Equinor, Shell and TotalEnergies joint venture Northern Lights and crop nutrition company Yara announced today the signing of the first-ever commercial cross-border CO2 transport and storage agreement.

According to Equinor CEO Anders Opedal, the agreement marks a “major milestone for the development of carbon capture, transport and storage,” viewed as a key tool for the decarbonization of heavy industries.

Opedal said:

“With the first commercial agreement for transportation and storage of CO2, we open a value chain that is critical for the world to reach net zero by 2050. Together with our partners, we are building infrastructure to decarbonise industry and energy, securing industrial activity and jobs in a low carbon future.”

The Northern Lights project was launched in late 2020, as the transport and storage component of Longship, the Norwegian Government’s full-scale carbon capture and storage project. Longship was unveiled in September 2020, with the government describing carbon capture and storage as a prerequisite for reducing global greenhouse gas emissions in line with the Paris Agreement climate targets.

The first phase of the Northern Lights project is anticipated to be operational in 2024, with capacity to transport, inject and store up to 1.5 million tonnes of CO2 per year.

Under the new agreement, 800,000 tonnes of CO2 from Yara’s ammonia and fertiliser plant in the Netherlands, Yara Sluiskil, will be captured, compressed and liquified in the Netherlands, and then transported for permanent storage 2,600 meters under the seabed in the Norwegian North Sea, beginning in early 2025.

Yara CEO Svein Tore Holsether, said:

“Action to decarbonise industry is urgent and Yara is a frontrunner. I am very pleased to announce that we are now on our way to removing CO2 emissions from our production plant in Sluiskil. This will take us a step further towards carbon-free food production and accelerate the supply of clean ammonia for fuel and power production.”

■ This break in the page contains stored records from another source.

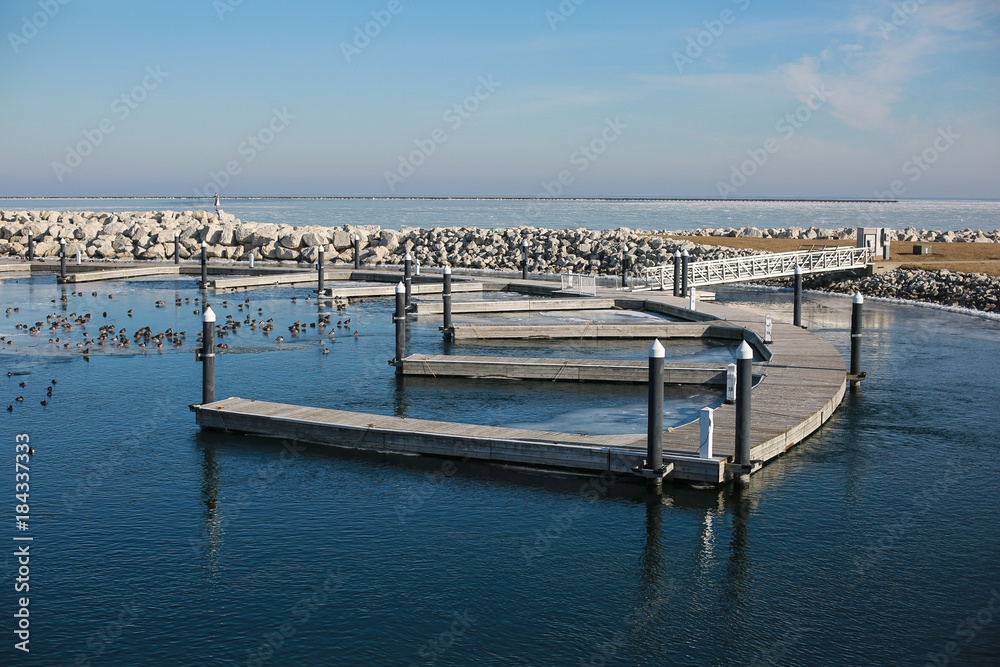 Fototapeta premium empty pier on the lake in winter
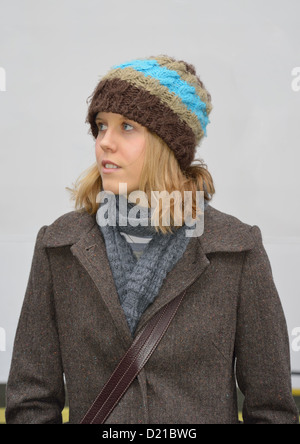 Young British woman wearing winter clothing, Amsterdam, Noord Holland, Netherlands Stock Photo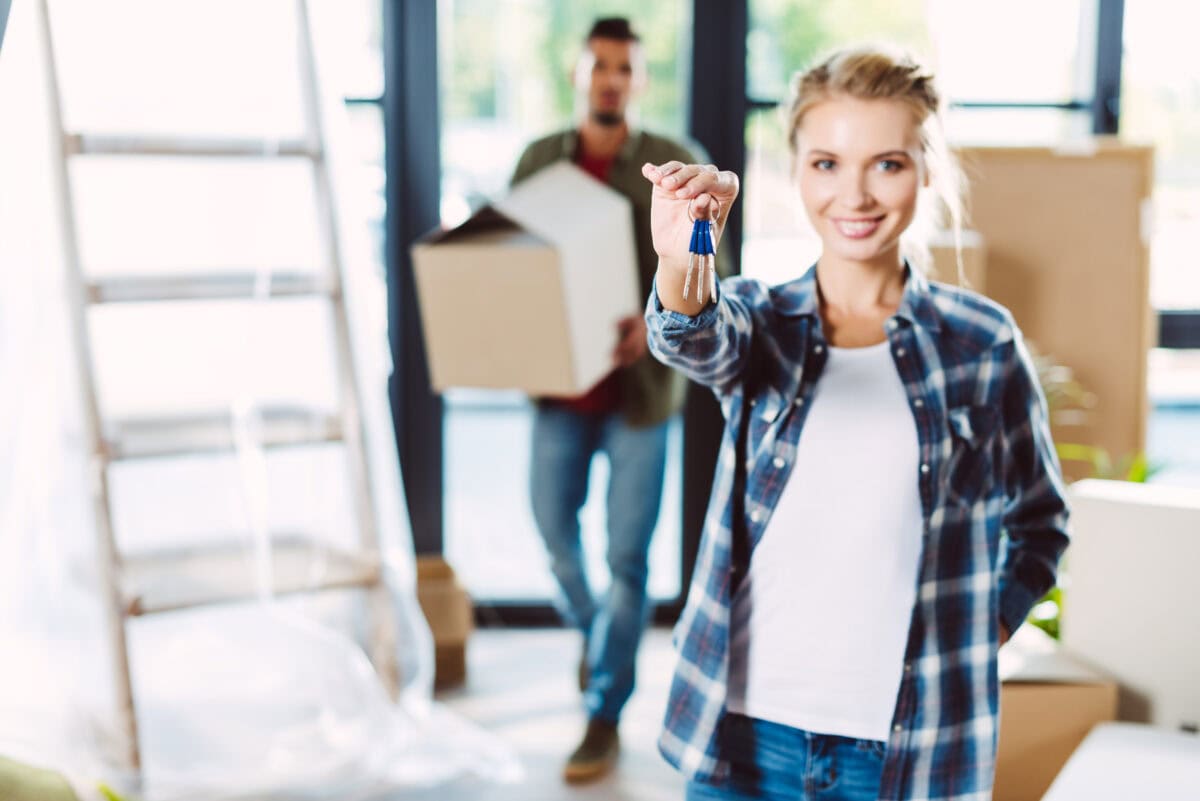 couple with keys in a new house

Following phase 1, Northern Lights aims to expand its capacity to a total of 5 million tonnes of annual storage, with phase 2 currently working toward a final investment decision.

Børre Jacobsen, Managing Director of Northern Lights, said:

“Yara is our first commercial customer, filling our available capacity in Northern Lights. With this we are establishing a market for transport and storage of CO2. From early 2025 we will be shipping the first tonnes of CO2 from the Netherlands to Norway. This will demonstrate that CCS is a climate tool for Europe.”